There she was, eight inches below me, my twig-like arm a dividing line between her companion and she. ‘How rude can I be?’ Ruder than this for sure. See, intentions make rude and right then, I’m no more intentful than a herded cattle.

Now the hate that spins this world is made of such miscues, and I’m no more human than you. I turned around without speaking and shook my head slowly, not knowing what better to do.

“Hmm…can you believe that?”

“This might as well be the sixties.”

“Seems someone’s got the white slave master mentality.”

I knew I’d have to reply. I’m not a replying man, but I knew I’d have to reply. I didn’t even know what I was facing – or not facing at the moment as 18th street blew by.
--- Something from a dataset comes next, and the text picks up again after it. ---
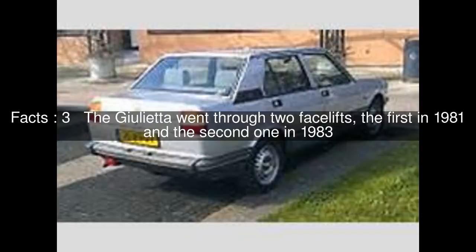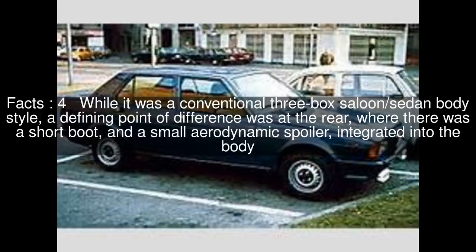The Giulietta went through two facelifts: the first in 1981 and the second in 1983. While it was a conventional three-box saloon/sedan body style, a defining point of difference was at the rear, where there was a short boot and a small aerodynamic spoiler integrated into the body.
I hadn’t looked before but down to view my accuser, and then a quick turn from her eyes.

What to say in such a spot, a slave owner such as myself? What’s an 8-word response to a hate so complex in a battle you’ve already lost?

“Excuse me, you need to reexamine the situation.”

Don’t ask me for transcripts of what followed; the heat of the moment contains no real truths except in the looks of the eyes. Hers: belittling, demanding. His: furious, eager. Mine? Likely lost, indignant. Keen on expression yet short on telepathy.

He cursed, pointed, gray-white mustache like dry broom straw. He conjured some demon that lives in his chest, the one I’m excising right now. She spoke very little except to my etiquette, preaching the why’s and the hows.

And even then, angry and bitter, impotent and out of train stops, I knew this had nothing to do with me. I was an unwitting catalyst for feelings beyond my understanding. And if such temperaments are the consequence of hard earned knowledge, God keep me childlike in spirit.

I apologized – poorly in words, honest in eyes. I shook the woman’s hand and saw teacher’s patience, which burned and soothed at the same time. The man looked down and didn’t meet me again; he tucked all his god’s back inside.

I got off at Penn, fuming, violated, aware of rare emotion and talking to myself, like so many others slumped beneath the pay phones.

History tells us that mass transportation brings the worst of our failures to light. “The land of the free, the home of the brave” means nothing when thrown in a tight tube with people hanging on you, undesirables breathing on you, hazing up your sight with their smell you can taste it “Don’t touch me you hear me?!”

Control is the answer. Don’t sit here, be quiet, know your place, know your kind, know you’re not my kind, know my kind is kind only to like kind. Live your life by my terms and I’ll try to ignore your genetics.

Such thoughts were state-supported less than 50 years ago.

The ghosts of bus ride etiquette still lay our nation low.